Un des formateurs, danseur et chorégraphe de son état, Oumar Sène, lui, veut organiser des formations en danse africaine, car il dit avoir constaté qu’il y a un nivellement vers le bas. ‘’Il n’y a plus les formations qu’il faut en ballet comme en danse traditionnelle. Les jeunes ont besoin d’être encadrés et qu’on crée des lieux où ils puissent vivre leur passion. La construction de résidences de formation s’impose. On veut les pousser à être au niveau des danseurs internationaux. Ainsi, ils pourront montrer leur création et mieux promouvoir ce qu’ils font’’, a expliqué le danseur. Oumar Sène affirme que l’art ne nourrit plus son homme, dans la mesure où il n’y a pas de supports qui permettent aux danseurs de rester au Sénégal. ‘’Vous avez constaté qu’ils sont dans l’obligation de sortir du pays. N’eussent été les stages, on ne parlerait plus de danse professionnelle depuis bien longtemps. Les animateurs culturels doivent créer des espaces pour faire vivre la danse.

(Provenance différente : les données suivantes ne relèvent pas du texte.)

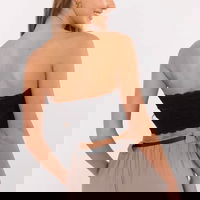 Nėriniuotas juodas bandeau topas vasarai Sublevel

Nous avons besoin de cela. La création et l’animation ne permettent pas d’avoir de l’argent. On forme certes, mais cela ne suffit pas. Le public aussi ne suit pas. Le paradoxe, dans ce pays, est que dans les rares festivals qui existent, les organisateurs préfèrent des danseurs étrangers et nous laissent de côté, alors que nous pouvons faire ce que font ces derniers’’, dit-il l’air désolé. ‘’Nous n’avons pas assez de salles pour répéter. On ne respecte pas les gens qui sont dans le secteur, contrairement en Europe où on sait c’est quoi la culture.
C’est dommage. Un danseur professionnel doit répéter 8 heures par jour, mais ici c’est 2 heures. Il n’aura pas le temps d’échauffer son corps, d’être précis dans les chorégraphies’’, s’est, à son tour, attristé son collègue André Dramé. Ils souhaitent que l’Etat les soutienne davantage à travers des résidences de création, des plateformes où les danseurs pourront se produire. Il faudra donner à la danse la place qu’elle mérite, surtout qu’au Sénégal existe une cinquantaine de compagnies et de ballets.
‘’Beaucoup de danseurs n’ont pas le courage d’aller apprendre’’
Mais à quoi servira ce soutien, si beaucoup parmi ces artistes refusent d’aller se faire former ? Etabli en Suisse depuis quelques années, le danseur et chorégraphe sénégalais André Dramé regrette cet état de fait. ‘’Eu égard à mon expérience, je sais que beaucoup de danseurs n’ont pas le courage d’aller apprendre. Ils se limitent au strict minimum. Il faut qu’ils sortent pour aller apprendre autre chose. Le secteur évolue ; il faut savoir se mettre à niveau. ‘’Il faut avoir la modestie d’apprendre. Se limiter à ce qu’on a appris dans la rue ne peut pas nous apporter grand-chose’’, a-t-il déclaré. Cela n’impliquerait pas forcément de quitter le pays.
‘’Il y a beaucoup d’ethnies au Sénégal et chacune a sa danse. Il n’y a pas que le ‘sabar’ qui est là’’, a-t-il expliqué, invitant ainsi ses collègues à tenter autre chose. Ce repli sur soi est une tare à laquelle s’ajoute une autre de taille : la totale méconnaissance de son corps. ‘’Connaître son corps est une chose importante dans ce milieu, car c’est un outil de travail. On ne peut être un danseur si on ne sait pas commander son corps. Cela est un problème qui existe’’, a dit M. Dramé. Pour qui il est au Sénégal pour apprendre aux danseurs la technique de la danse africaine, puisque les directeurs artistiques n’ont pas le temps de former les jeunes. ‘’Il faut leur enseigner la précision dans les figures, comment la danse passe par le corps. Il faut que les danseurs sachent comment maitriser leur corps’’, a conclu le chorégraphe.